DESCRIPTION OF THE TASK
Your answer must be an exact repeat of the lines from the one containing "Total Graph of Ikeus Anar" through the last line of the records, both included, with no pictures.

### STUDY MATERIAL

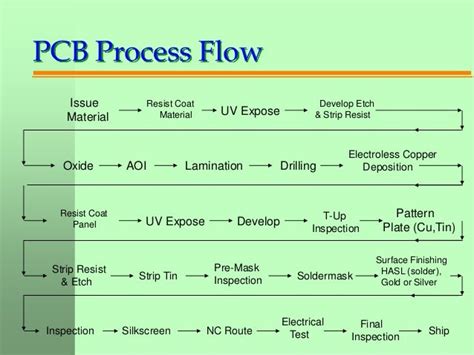 South Bay Circuits Printed Circuit Board Process For Newbies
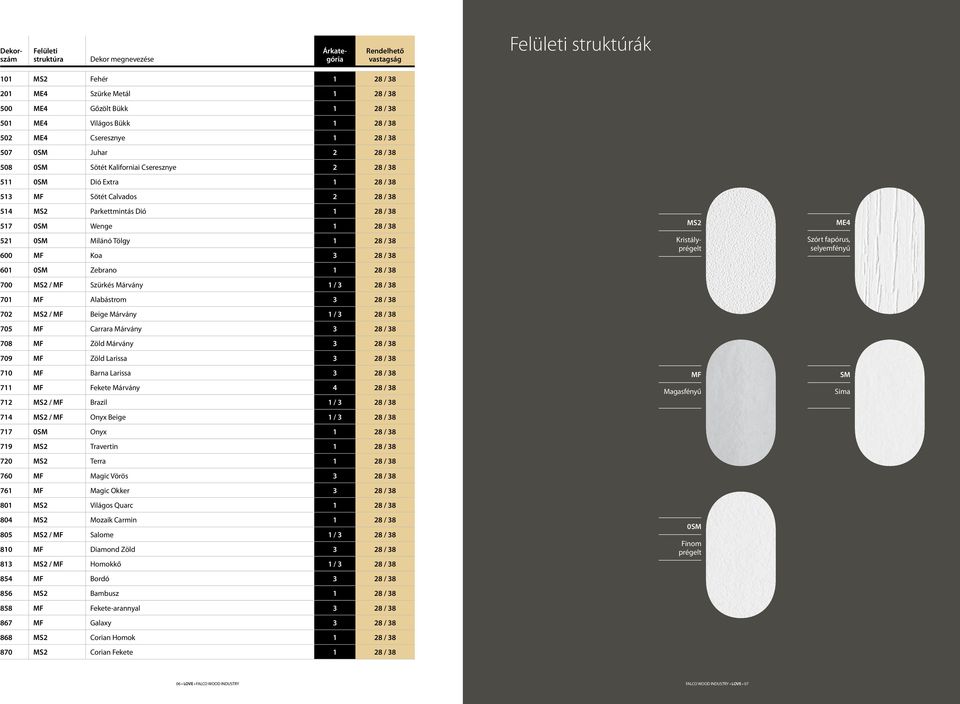 Larissa 70 Barna Larissa 7 Fekete 4 72 / Brazil / 74 / Onyx Beige / 77 Onyx 79 Travertin 720 Terra 760 Magic Vörös 76 Magic Okker 80 Világos Quarc 804 Mozaik Carmin 805 / Salome / 80 Diamond Zöld 8 /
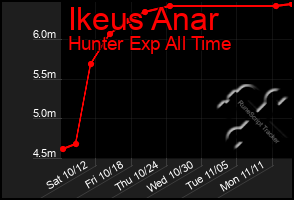 Total Graph of Ikeus Anar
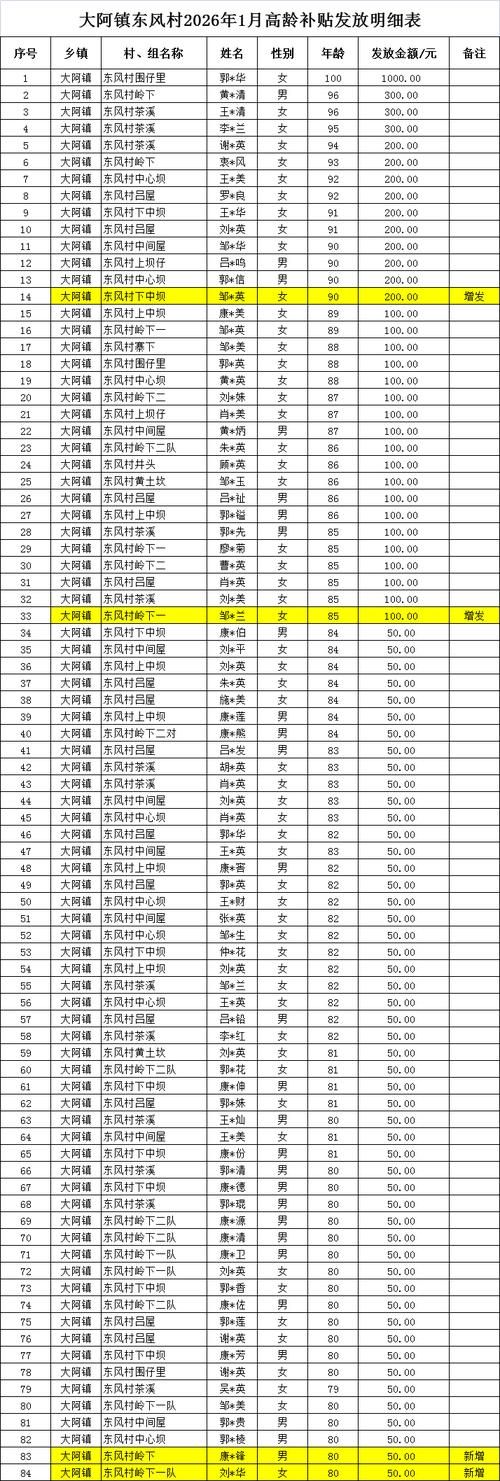 【31省新增本土12例，阿克陶县疫情最新消息】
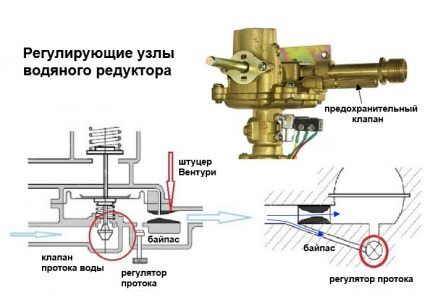 Column water unit regulation system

######

RESULT OF THIS EXERCISE
 Total Graph of Ikeus Anar
 【31省新增本土12例，阿克陶县疫情最新消息】
 Column water unit regulation system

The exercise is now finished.